*Task item:*
Only the lines running from the line with "Collection of Colorful" to the end of the listing below should be copied, exactly, without pictures.

*Recorded data:*
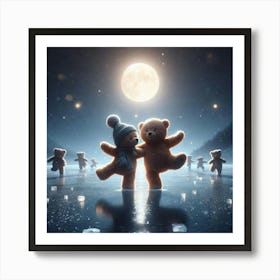 Teddy Bears Dancing In The Snow Art Print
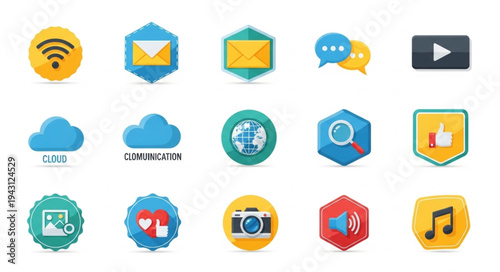 Collection of Colorful Social Media and Technology Icons.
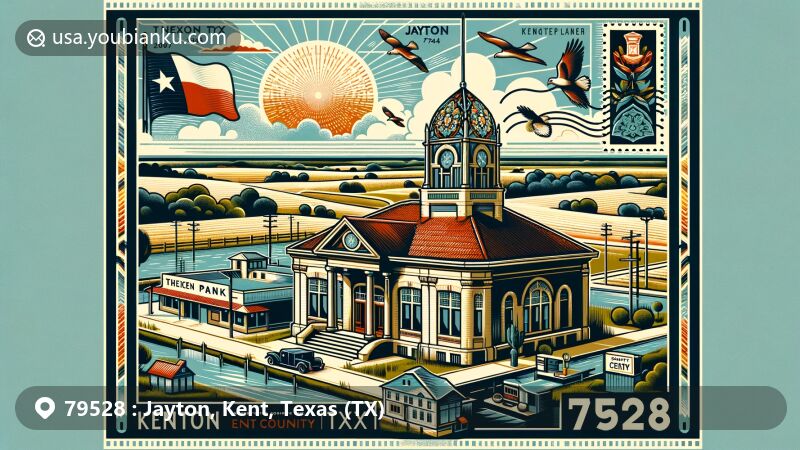 Modern illustration of Jayton, Kent County, Texas, featuring the 1907 Kent County State Bank building, Kent County Courthouse, Jayton Park, and Coker Tank reservoir, showcasing Texas's wide blue skies, vast lands, and unique landscapes.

*Exercise solution:*
 Collection of Colorful Social Media and Technology Icons.
 Modern illustration of Jayton, Kent County, Texas, featuring the 1907 Kent County State Bank building, Kent County Courthouse, Jayton Park, and Coker Tank reservoir, showcasing Texas's wide blue skies, vast lands, and unique landscapes.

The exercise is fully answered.